Previous radiomics studies have established the prognostic value of CT and MRI features in CRC, which demonstrate potential as predictive biomarkers for MLM (3,31,32). In a multicenter study involving 91 patients with rectal cancer, the radiomics, clinical and merged models achieved AUC values of 0.86, 0.71 and 0.86, respectively (10). However, the incorporation of clinical features failed to significantly enhance the performance of the clinical-merged model, a finding consistent with previous studies and the present study findings (3). This phenomenon may be attributed to the enhanced informational value of radiomics features regarding liver parenchymal characteristics, which exert a notable influence on model performance compared with conventional clinical predictors such as CEA and CA199. Furthermore, a study conducted by Creasy et al (23) emphasized the importance of machine learning analysis of hepatic parenchyma in the venous stage for the identification of patients at a high risk of liver metastases. A number of studies have similarly demonstrated the effectiveness of radiomics for the prediction of MLM (22,33,34). The present study not only expanded the sample size but also extracted comprehensive three-dimensional information from the liver parenchyma. In the present study, the merged model had the best performance according to the results of AUC values, as well as the results of the Delong test and McNemar's test. Therefore, the radiomics model could potentially be used to predict MLM in patients with CRC.

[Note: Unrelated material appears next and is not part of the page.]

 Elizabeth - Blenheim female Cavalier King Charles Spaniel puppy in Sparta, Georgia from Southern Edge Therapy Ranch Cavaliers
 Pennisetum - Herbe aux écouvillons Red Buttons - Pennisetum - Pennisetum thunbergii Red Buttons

Liang et al (35) extracted features from T2-weighted and venous phase sequence images of 108 patients with rectal cancer, and used support vector machine and logistic regression analysis to develop prediction models. The findings indicated that MRI-based radiomics models derived from baseline rectal images may hold potential for the prediction of MLM (35). Similarly, the present study also tried to construct prediction models using RF algorithms and logistic regression analysis, and a significant performance was achieved using the RF algorithm. Li et al (36) utilized preoperative MRI sequences diffusion-weighted imaging (DWI) and high-definition T2 for predicting MLM in CRC, demonstrating marked efficacy, with the fusion model achieving an impressive AUC value of 0.90. Compared with the aforementioned study, the MRI model generated in the present study performed worse with an AUC value of 0.68. This discrepancy in performance could be attributed to the fact that the present study exclusively selected HRT2 images without contrast, which may have provided less clarity regarding the extent of the lesion compared with enhanced images. Furthermore, the utilization of a single sequence may have limited the amount of information available for analysis, which contributed to the results from the present study.

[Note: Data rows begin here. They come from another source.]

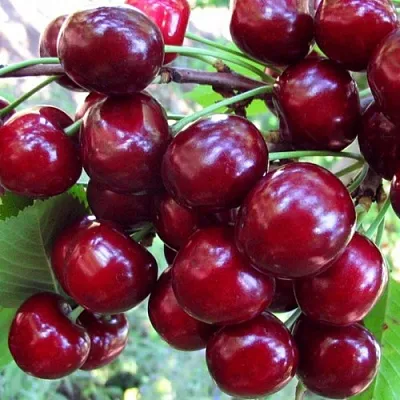 Вишня ЖУКОВСКАЯ  Вишня ЖУКОВСКАЯ в Смоленске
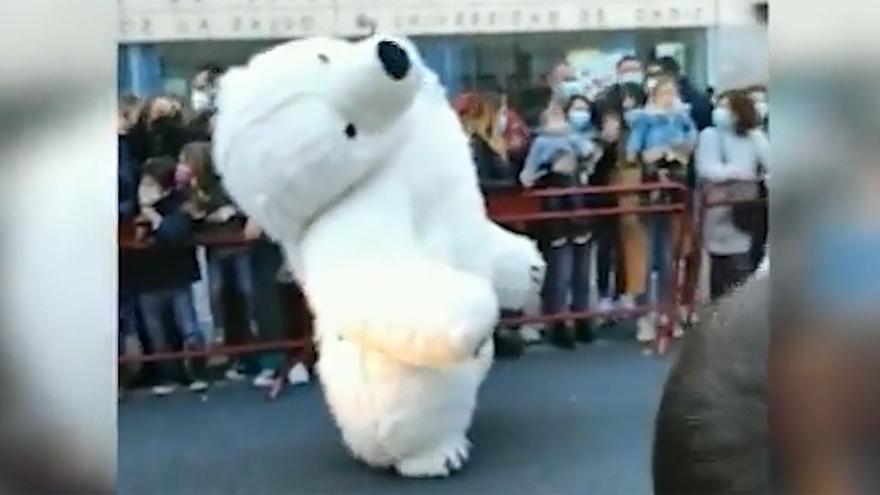 Recogen firmas para que el oso polar del cuello roto vuelva a la cabalgata de Cádiz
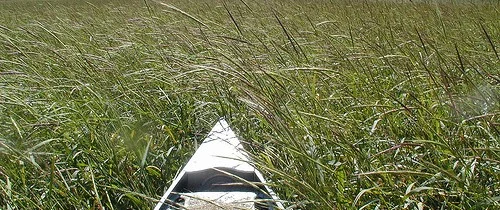 Aug 17, 2015 - Chippewa Plan en mas Wild Rice Harvest To Support Clean Water Protection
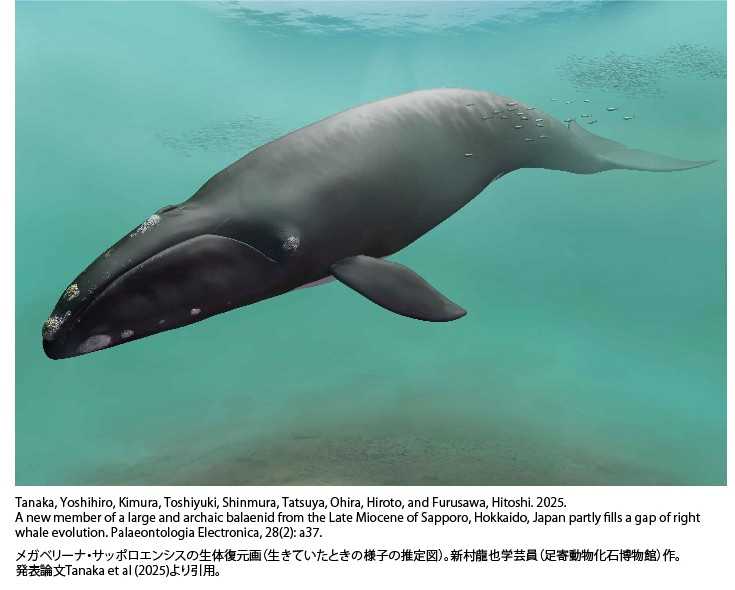 大発見！札幌で見つかる！新種のクジラ化石！【札幌市 】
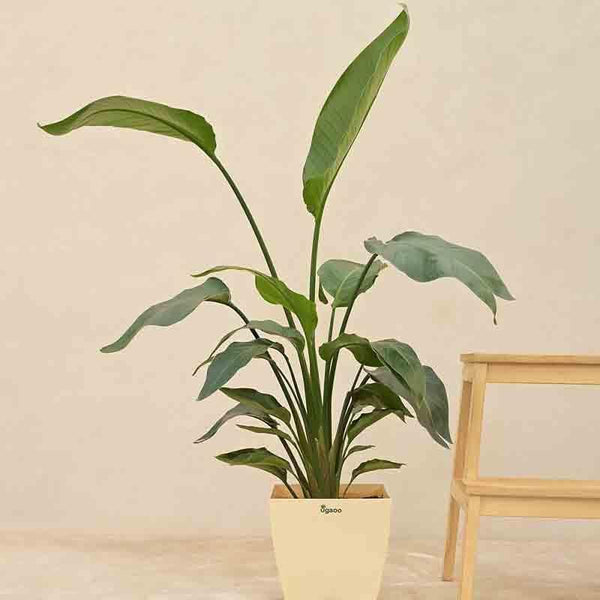 Buy Ugaoo Bird of Paradise Plant - Medium Live Plants from Vaaree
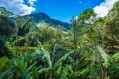 馬達加斯加的鬱鬱蔥蔥的原始森林帶來獨特的味道,島上的可可。圖片:蓋蒂圖片社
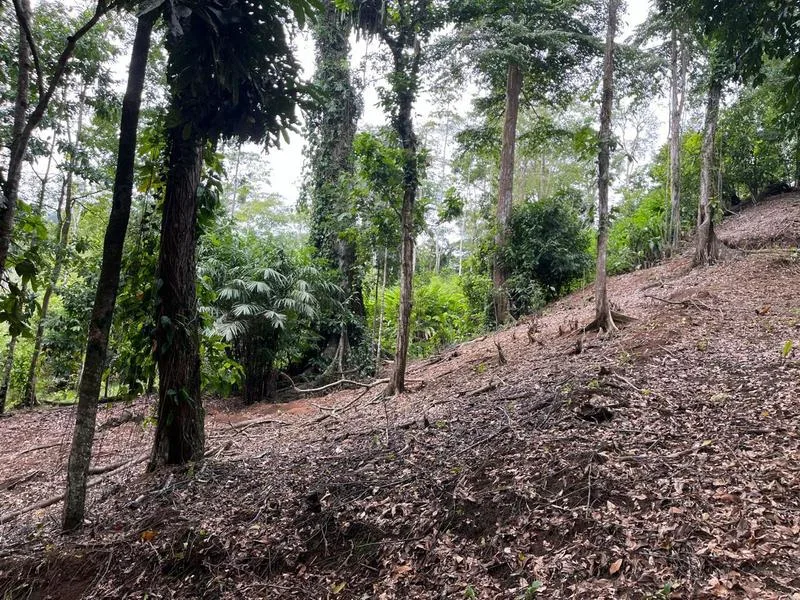 Land For Sale in Cahuita, photo 7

There were some limitations in the present study. Firstly, the sample size was relatively small, which precludes the application of certain artificial intelligence algorithms, such as deep learning and neural networks. A larger sample size and simultaneous improvement of the algorithms employed will serve a key role in future studies. Secondly, as a single-center retrospective study, external validation with independent datasets is essential to confirm the findings and ensure reproducibility; however, identifying a hospital with consistent examination parameters and scan sequences among the multiple units has proven to be challenging. Standardization of modalities will be a key consideration for future multi-center studies. Thirdly, only the HRT2 sequence of the tumor was selected for analysis, while other sequences such as DWI were not included in the present study. Practical experience demonstrated certain limitations in the precise delineation of DWI sequences and notable interindividual variability was observed. Functional sequences may contain additional information that could be potentially valuable in future studies.

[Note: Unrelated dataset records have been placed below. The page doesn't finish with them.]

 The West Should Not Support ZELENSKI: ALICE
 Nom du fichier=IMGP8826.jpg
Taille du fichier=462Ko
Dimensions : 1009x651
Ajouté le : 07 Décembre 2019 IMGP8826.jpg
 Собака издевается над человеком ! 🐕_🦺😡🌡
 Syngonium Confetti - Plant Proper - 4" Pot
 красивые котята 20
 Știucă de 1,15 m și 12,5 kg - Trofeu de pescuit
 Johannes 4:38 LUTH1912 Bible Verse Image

In conclusion, five classification models were developed to predict MLM by analyzing histological imaging and clinical information in patients with CRC. The radiomics models outperformed clinical models alone, which suggested that radiomics may improve the ability to predict MLM in clinical practice. To the best of our knowledge, the present study was the first attempt to integrate two different modalities, CT and MRI, to predict MLM in patients with CRC. Although the diagnostic performance did not exhibit a significant improvement, the present study lays the foundation for future research. Expanding the sample size and incorporating multimodal testing will serve a key role in enhancing the prediction accuracy of MLM in subsequent studies.

Acknowledgements

Not applicable.

Funding

The present study received funding from the Key Laboratory of Functional Molecular Imaging of Tumor and Interventional Diagnosis and Treatment of Shaoxing City, Zhejiang Province Public Welfare Technology Application Social Development Field Project (grant no. LGF20H180008), the Major Program Co-sponsored by Province and Ministry (grant no. WKJ-ZJ-2210) and the General Plan for Medical and Health Research in Zhejiang (grant no. 2020KY323, 2021KY371 and 2023KY1268).

Availability of data and materials

The data generated in the present study may be requested from the corresponding author.

Authors' contributions

JPW, ZNZ, DBS, YNH, WT, HBZ, ZHZ and JHS conceived and designed the present study. JPW, ZNZ, DBS, YNH, WT, HBZ, ZHZ and JHS acquired, analyzed and interpreted the data. JPW drafted the manuscript. JPW, ZNZ, DBS, YNH, WT, HBZ, ZHZ and JHS revised the manuscript. JPW and ZNZ performed the statistical analyses. ZHZ, JHS, YNH and WT obtained funding for the present study. JHS provided the materials for the present study. PW and ZNZ confirm the authenticity of all the raw data. All authors read and approved the final manuscript.

Ethics approval and consent to participate

The present study was conducted in accordance with the Declaration of Helsinki (as revised in 2013). The present study was approved by the Ethics Committee of Sir Run Shaw Hospital, Zhenjiang University School of Medicine (approval no. 0465-2022; Zhejiang, China). The need for informed consent was waived by the ethics committee of The Sir Run Shaw Hospital, Zhenjiang University School of Medicine, because of the retrospective nature of the present study.

Patient consent for publication

Not applicable.

Competing interests

The authors declare that they have no competing interests.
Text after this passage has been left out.